With Birdy, Dunham negotiates the perils of the natural world and turns it into frothy adolescent angst. It’s not unlike her earlier work, Tiny Furniture but with a broader net (and a bigger budget) cast into commercial fare.
The film is based on Karen Cushman’s popular novel of the same name. Sources call the novel a children’s book. It may well be, I haven’t read it, but in the hands of Dunham, Young Adult fiction might be a more appropriate category.
The film doesn’t shy from topics of menstruation, and sexuality, often for comic effect—all of which can be refreshing in Young Adult themed stories. The ‘C’ word might have dropped, but I’m not sure and I don’t want to check in case I’m right.
Bella Ramsey is Birdy.
Coming off Game of Thrones, Ramsey is barely given time for a costume change when taking on the title character, a 14-year-old girl whose privileged existence as a lady of the court is offset by a fixation on things decidedly unfeminine. If Birdy seems callous towards her nursemaids, tutors, and lesser-caste playmates, it comes from a place of naivety rather than willful ignorance.

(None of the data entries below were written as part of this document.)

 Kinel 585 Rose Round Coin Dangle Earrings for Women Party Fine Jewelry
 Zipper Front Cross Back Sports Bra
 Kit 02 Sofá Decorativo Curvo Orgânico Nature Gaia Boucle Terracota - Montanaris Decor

“You’re lucky your father is dead,” she tells Perkins (Michael Woolfitt), a flatulent-proud sheepherder and one of Birdy’s best friends.

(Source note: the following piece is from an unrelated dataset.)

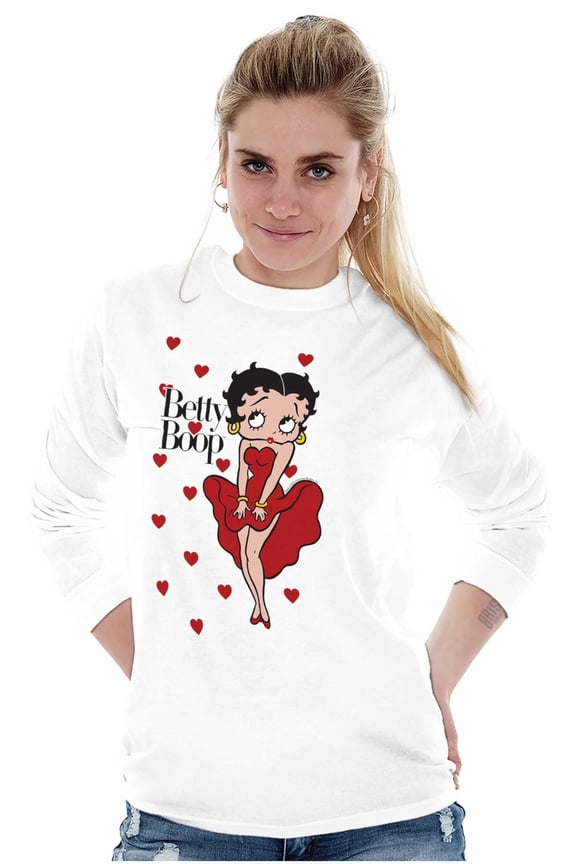 Retro Betty Boop Cartoon Hearts Women's Long Sleeve T Shirt Brisco Brands S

“I’m actually still upset by that, Birdy,” says Perkins wistfully, to no avail. It’s not mean; it’s just something Birdy is incapable of understanding. She is still a child.
Those living in Birdy’s fictional universe see her as an irascible (albeit endearing) nuisance, but in movie language, Birdy is a feminist out of time, and time is the device Dunham tinkers with most. Dunham faithfully recreates the era and then infuses it with an alt-mix soundtrack, presumably as a way of drawing the politics of then into the politics of now.

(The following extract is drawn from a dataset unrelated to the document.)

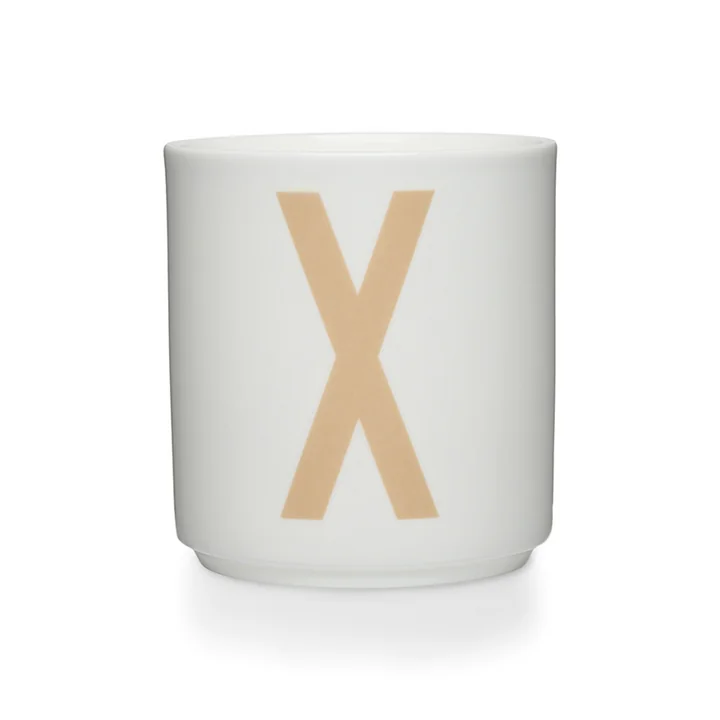 Design Letters - Tasse en porcelaine AJ X, beige / blanc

And there are ways in which the characters move—as in a brief scene of Birdy performing an impromptu dance—that seem expressively contemporary. Ramsey’s Birdy is feisty, outspoken, and rebellious. There is some adjustment before embracing Ramsey’s lively and somewhat predictable delivery, but eventually, Ramsey eases into a comfort zone. Her moments of silence (of which there are but a few) whisper thoughts of oppression and defiance through an expressionless stare.
Birdy’s feudal lifestyle is all fun and games until her father, Lord Rollo (Andrew Scott), decides that marrying her off—which he’s mildly afraid of—is the surest way out of debt. And so, a series of unsavory suitors start showing up at the dining table. This does not sit well with the spirited Birdy, who devises all sorts of schemes (primarily comedic) to send her suitors fleeing.
There are moments of high comedy in the film, some of which belong to the suitors. There is a cameo from Russell Brand, taking a break from his unsolicited anti-vax YouTube rants, as The Suitor from Kent. And Paul Kaye as Shaggy Beard, an obnoxious, crude Lord who openly leers at his 14-year-old prospective bride, turns in a performance that is as amusing as it is disturbing. The comedy is brought up near Monty Python levels when teamed with his manservant, Etienne (Jamie Demetriou).
The most consistently funny role goes to Lord Rollo as he steps out of character to persuade visiting Lords of the virtues of his daughter. Scott, as Rollo, is given the film’s most challenging balance act. We’re to like Rollo—and we do—despite his disparaging remarks about Birdy and his ease in putting his needs before his child’s.
But then again…don’t look at the film too closely.
Catherine Called Birdy. Directed by Lena Dunham. Starring Bella Ramsey, Andrew Scott, Michael Woolfitt, Paul Kaye, Jamie Demetriou and Russell Brand. Now playing in selected theatres, airs on Prime starting October 7.